Cloud Debugging and Monitoring

This project will study multi-level execution models in general, and in particular in the context of OpenStack
with virtual machine migration and has four research axes:

  • Research on the architecture of the OpenStack Cloud framework and propose different data collection, analysis and monitoring activities. Some of the parameters already monitored at high level with OpenStack’s Tomograph will be reused. The parameters to monitor include resource usage (power consumption, CPU, disk and network usage) and various latencies (query response time, contention among virtual machines, migration latency). The computation of these latencies requires correlating information from several nodes. For instance, the information about virtual machines migration, including the bandwidth required and the periods of performance degradation and non-availability, requires tracing information from user-space and kernel level, in the origin and destination hosts.
  • Research on the architecture and organization of Software Defined Networks like OpenDaylight overlaid on top of the physical networks. The collected data will provide information about physical and logical networks and their current usage, helping to diagnose
    networking problems or possible violations of Terms of Service concerning the available bandwidth to specific client virtual machines. Discussions will be held with Ericsson support engineers to learn more about the most difficult problems they encounter in the field, and the metrics and views that could be extracted from the virtual and physical network layers in order to facilitate the monitoring and diagnosis of such problems.

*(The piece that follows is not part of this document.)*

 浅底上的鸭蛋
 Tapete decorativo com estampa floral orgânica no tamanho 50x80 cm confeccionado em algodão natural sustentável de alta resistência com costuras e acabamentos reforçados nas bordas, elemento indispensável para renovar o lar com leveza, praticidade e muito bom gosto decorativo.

  • Propose efficient architecture and algorithms to collect and analyse in formation coming from several levels in the execution model, from physical machines to virtual machines
    (e.g. KVM) and to user-space, bare metal, Java virtual machines (JVM) and Python runtime information, extending our earlier work. The proposed architecture must efficiently support the analysis of mobile virtual machines, migrating from one physical machine to another, and must scale to large clusters / cloud. Different techniques for scaling will be examined, including hierarchical aggregation, dynamic selection of the level of details, and sampling based on time (one request every n) or node (one node every n similar nodes).
  • Setup and support of the OpenStack cloud environment and OpenDaylight Software Defined Network. [With the help of Ericsson to provide access to an internal test Cloud, already setup for another research project between Ericsson and Ecole de Technologie Superieure’s professor Mohamed Cheriet].